Indian agriculture is in crisis today, with 85 per cent of farmers cultivating two hectares or less, in fragmented plots. Farmers have limited access to formal credit, irrigation, technology and markets, and are increasingly affected by climate change. A growing number of smallholders are also women. In this context, I asked, could group farming provide an answer, wherein smallholders voluntarily pool land, labour and capital to create larger farms that they manage collectively?
Potentially, group farming could bring scale economies and provide a dependable labour force, more investible funds and skills, and greater bargaining power with governments and markets. But can this potential be realised in practice?
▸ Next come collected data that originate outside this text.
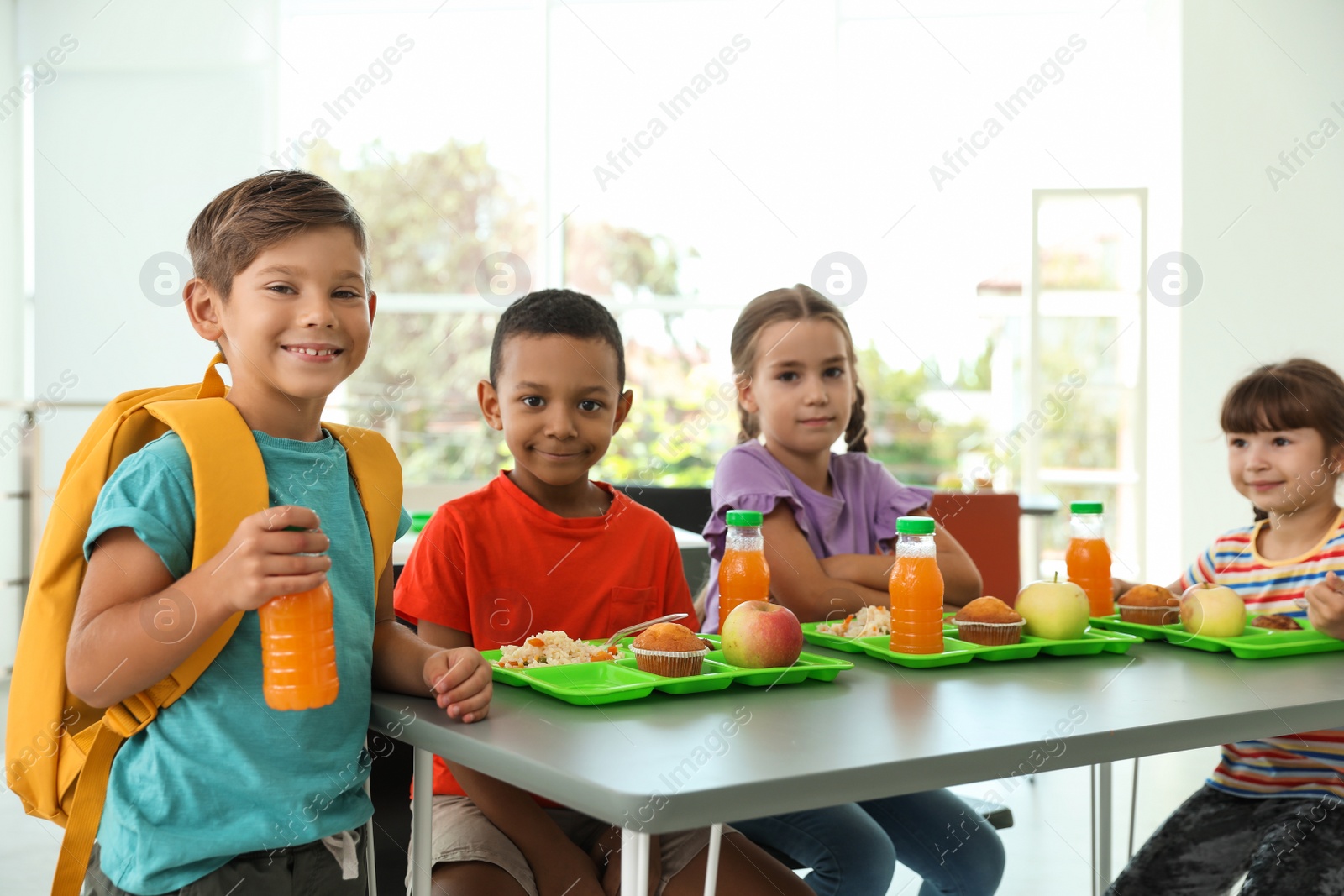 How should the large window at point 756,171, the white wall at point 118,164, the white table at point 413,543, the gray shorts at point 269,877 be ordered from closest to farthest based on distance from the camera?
the gray shorts at point 269,877
the white table at point 413,543
the white wall at point 118,164
the large window at point 756,171

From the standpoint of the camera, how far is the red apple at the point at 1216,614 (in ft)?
5.02

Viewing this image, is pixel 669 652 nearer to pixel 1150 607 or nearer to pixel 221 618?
pixel 221 618

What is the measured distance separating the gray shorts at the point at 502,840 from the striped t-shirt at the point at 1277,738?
87cm

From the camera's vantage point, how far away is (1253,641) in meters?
1.50

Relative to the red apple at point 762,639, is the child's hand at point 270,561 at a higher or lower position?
higher

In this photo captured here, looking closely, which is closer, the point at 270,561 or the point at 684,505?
the point at 270,561

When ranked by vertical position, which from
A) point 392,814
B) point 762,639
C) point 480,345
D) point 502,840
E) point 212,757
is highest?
point 480,345

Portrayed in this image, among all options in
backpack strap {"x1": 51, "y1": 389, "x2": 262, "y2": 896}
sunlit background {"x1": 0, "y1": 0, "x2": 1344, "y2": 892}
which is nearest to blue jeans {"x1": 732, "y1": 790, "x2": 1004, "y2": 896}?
backpack strap {"x1": 51, "y1": 389, "x2": 262, "y2": 896}

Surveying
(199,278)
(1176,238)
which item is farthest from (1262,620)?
(1176,238)

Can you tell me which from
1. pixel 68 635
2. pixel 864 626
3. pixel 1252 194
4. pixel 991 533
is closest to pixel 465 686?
pixel 68 635

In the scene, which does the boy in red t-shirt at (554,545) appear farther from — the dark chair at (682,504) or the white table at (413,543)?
the dark chair at (682,504)

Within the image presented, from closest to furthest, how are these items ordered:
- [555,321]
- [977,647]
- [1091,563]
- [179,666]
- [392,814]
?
1. [179,666]
2. [977,647]
3. [555,321]
4. [1091,563]
5. [392,814]

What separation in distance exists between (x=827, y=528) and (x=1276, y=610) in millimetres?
731

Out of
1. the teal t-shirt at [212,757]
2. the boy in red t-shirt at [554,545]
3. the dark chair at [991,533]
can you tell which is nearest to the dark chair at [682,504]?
the dark chair at [991,533] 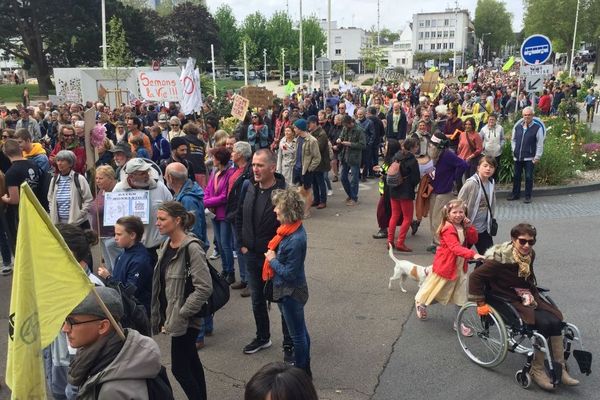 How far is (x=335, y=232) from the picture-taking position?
9.43 m

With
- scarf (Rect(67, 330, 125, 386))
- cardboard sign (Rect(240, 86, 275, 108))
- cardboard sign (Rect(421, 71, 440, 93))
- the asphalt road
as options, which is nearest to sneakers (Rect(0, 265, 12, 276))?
the asphalt road

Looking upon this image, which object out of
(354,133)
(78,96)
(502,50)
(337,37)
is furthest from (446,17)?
(354,133)

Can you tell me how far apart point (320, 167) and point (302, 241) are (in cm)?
623

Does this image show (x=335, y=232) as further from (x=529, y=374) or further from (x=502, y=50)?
(x=502, y=50)

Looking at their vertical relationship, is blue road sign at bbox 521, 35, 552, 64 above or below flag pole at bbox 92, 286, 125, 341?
above

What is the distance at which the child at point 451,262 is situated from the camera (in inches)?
215

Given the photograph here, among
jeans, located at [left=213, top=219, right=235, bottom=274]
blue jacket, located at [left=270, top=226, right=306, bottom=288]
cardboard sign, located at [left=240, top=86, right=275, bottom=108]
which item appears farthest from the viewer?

I tested these theoretical propositions by researching two unusual government and NGO initiated programmes launched in the 2000s to promote women’s group farming in the Indian states of Kerala and Telangana. The all-women groups lease in land to farm jointly, sharing labour, input costs and returns. I constituted local teams to collect weekly data for an entire year (2012-13). We took data on every input used and output produced by a sample of group farms, and, for comparison those of several hundred individual family farms (95 per cent of which were male-managed) in the same regions. I wanted to see if group farms could outperform individual farms in productivity and profits. We also interviewed farmers using focus groups. The results were very interesting.
Kerala’s groups performed strikingly better than individual farms, both in their average annual value of output per hectare, which was 1.8 times higher, and their average annual net returns per farm, which were 5 times greater. The Telangana group farms, however, performed worse than individual farms in annual output but were equivalent in net returns.
In both states, groups did much better in commercial crops than in traditional food grains, where individual male farmers, owning good quality land, had an advantage. Underlying the differential performance of Kerala and Telangana were factors such as the technical and institutional support the groups received, their social composition, land access, and cropping patterns.
Notably too, in both states, women in group farms felt socially empowered at home and within communities. Many stood for village council elections and won. Overall, the research shows that group farming can indeed provide an economically effective and socially empowering model of farming, with initial support, careful design, and an adaptation to local conditions.
Professor Agarwal is also examining models of group farming in France and Norway, and emerging cases in eastern India and Nepal. The latter were also influenced and shaped by her research.